━━━ EXERCISE MATERIAL ━━━
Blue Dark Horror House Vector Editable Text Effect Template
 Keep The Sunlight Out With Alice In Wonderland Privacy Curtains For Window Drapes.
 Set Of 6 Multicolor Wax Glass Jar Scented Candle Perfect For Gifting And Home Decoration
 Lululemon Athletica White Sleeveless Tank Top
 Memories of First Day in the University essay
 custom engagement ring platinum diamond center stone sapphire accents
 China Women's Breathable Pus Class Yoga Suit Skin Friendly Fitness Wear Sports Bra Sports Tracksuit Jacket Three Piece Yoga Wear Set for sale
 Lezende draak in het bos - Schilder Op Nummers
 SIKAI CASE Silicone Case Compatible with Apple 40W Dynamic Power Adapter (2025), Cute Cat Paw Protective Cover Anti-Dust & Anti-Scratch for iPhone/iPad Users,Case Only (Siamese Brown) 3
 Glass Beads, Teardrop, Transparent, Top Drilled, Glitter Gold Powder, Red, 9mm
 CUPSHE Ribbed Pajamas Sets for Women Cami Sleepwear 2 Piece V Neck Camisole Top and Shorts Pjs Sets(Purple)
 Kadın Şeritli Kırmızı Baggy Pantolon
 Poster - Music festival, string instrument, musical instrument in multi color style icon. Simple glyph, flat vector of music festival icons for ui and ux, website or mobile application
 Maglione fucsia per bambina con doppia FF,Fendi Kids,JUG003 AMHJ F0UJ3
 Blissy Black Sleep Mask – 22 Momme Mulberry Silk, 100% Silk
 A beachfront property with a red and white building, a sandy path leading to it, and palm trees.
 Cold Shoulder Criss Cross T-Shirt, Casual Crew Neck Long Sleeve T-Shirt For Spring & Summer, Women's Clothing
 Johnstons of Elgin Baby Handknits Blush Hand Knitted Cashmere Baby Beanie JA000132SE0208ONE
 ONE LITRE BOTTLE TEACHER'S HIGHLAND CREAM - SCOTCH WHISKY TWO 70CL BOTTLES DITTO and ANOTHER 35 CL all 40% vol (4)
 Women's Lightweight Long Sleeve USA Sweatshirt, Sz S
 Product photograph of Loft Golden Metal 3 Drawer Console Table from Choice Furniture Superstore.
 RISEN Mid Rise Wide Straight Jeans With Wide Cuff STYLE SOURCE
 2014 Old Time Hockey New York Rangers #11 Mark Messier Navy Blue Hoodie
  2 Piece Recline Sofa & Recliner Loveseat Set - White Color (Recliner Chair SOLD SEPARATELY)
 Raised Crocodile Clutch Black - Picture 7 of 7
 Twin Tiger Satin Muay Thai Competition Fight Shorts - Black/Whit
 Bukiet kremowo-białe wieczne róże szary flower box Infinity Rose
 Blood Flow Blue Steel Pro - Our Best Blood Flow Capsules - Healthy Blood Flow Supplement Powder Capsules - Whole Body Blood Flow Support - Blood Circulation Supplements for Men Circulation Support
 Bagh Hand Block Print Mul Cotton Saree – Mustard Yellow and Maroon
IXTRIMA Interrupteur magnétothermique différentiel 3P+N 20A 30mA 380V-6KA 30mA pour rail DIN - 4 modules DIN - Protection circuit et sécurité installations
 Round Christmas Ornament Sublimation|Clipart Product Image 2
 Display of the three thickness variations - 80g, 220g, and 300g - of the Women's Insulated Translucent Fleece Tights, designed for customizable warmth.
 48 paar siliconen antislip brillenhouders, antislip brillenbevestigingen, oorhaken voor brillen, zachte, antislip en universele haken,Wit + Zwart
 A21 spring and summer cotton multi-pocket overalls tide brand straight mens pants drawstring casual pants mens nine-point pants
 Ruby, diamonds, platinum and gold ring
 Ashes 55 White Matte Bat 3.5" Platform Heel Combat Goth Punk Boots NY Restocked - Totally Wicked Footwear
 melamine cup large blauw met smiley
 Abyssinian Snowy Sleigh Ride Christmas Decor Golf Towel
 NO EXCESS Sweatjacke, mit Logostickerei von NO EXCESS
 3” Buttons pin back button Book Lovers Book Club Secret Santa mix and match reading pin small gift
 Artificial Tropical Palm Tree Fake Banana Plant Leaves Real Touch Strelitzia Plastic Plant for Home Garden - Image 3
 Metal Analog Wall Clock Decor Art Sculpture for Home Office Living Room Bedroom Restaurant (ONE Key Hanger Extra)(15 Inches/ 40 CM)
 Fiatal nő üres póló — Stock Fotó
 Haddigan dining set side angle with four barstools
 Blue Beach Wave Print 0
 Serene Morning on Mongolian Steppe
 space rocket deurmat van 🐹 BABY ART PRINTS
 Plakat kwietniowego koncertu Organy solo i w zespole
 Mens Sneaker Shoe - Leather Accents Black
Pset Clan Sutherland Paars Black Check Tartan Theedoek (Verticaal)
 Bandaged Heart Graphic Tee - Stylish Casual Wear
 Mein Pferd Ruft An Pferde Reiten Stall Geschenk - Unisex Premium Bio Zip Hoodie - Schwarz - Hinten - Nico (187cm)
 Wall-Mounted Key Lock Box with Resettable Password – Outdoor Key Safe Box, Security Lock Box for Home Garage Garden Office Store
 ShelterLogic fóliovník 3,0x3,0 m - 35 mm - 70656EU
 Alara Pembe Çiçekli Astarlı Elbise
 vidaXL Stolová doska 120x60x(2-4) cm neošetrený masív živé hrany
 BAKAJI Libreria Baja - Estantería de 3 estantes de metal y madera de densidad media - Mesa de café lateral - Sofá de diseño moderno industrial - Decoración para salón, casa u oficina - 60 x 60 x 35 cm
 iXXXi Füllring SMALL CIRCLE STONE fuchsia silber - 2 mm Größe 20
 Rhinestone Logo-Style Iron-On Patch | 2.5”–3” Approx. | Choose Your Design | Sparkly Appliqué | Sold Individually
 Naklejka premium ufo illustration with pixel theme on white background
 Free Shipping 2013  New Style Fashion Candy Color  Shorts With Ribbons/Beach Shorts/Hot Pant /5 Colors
━━━
Keeping every character as it is, restate the lines above that run from the line with "China Women's Breathable" through the line with "Poster - Music", both included, and nothing else.

__ANSWER BOX__:
 China Women's Breathable Pus Class Yoga Suit Skin Friendly Fitness Wear Sports Bra Sports Tracksuit Jacket Three Piece Yoga Wear Set for sale
 Lezende draak in het bos - Schilder Op Nummers
 SIKAI CASE Silicone Case Compatible with Apple 40W Dynamic Power Adapter (2025), Cute Cat Paw Protective Cover Anti-Dust & Anti-Scratch for iPhone/iPad Users,Case Only (Siamese Brown) 3
 Glass Beads, Teardrop, Transparent, Top Drilled, Glitter Gold Powder, Red, 9mm
 CUPSHE Ribbed Pajamas Sets for Women Cami Sleepwear 2 Piece V Neck Camisole Top and Shorts Pjs Sets(Purple)
 Kadın Şeritli Kırmızı Baggy Pantolon
 Poster - Music festival, string instrument, musical instrument in multi color style icon. Simple glyph, flat vector of music festival icons for ui and ux, website or mobile application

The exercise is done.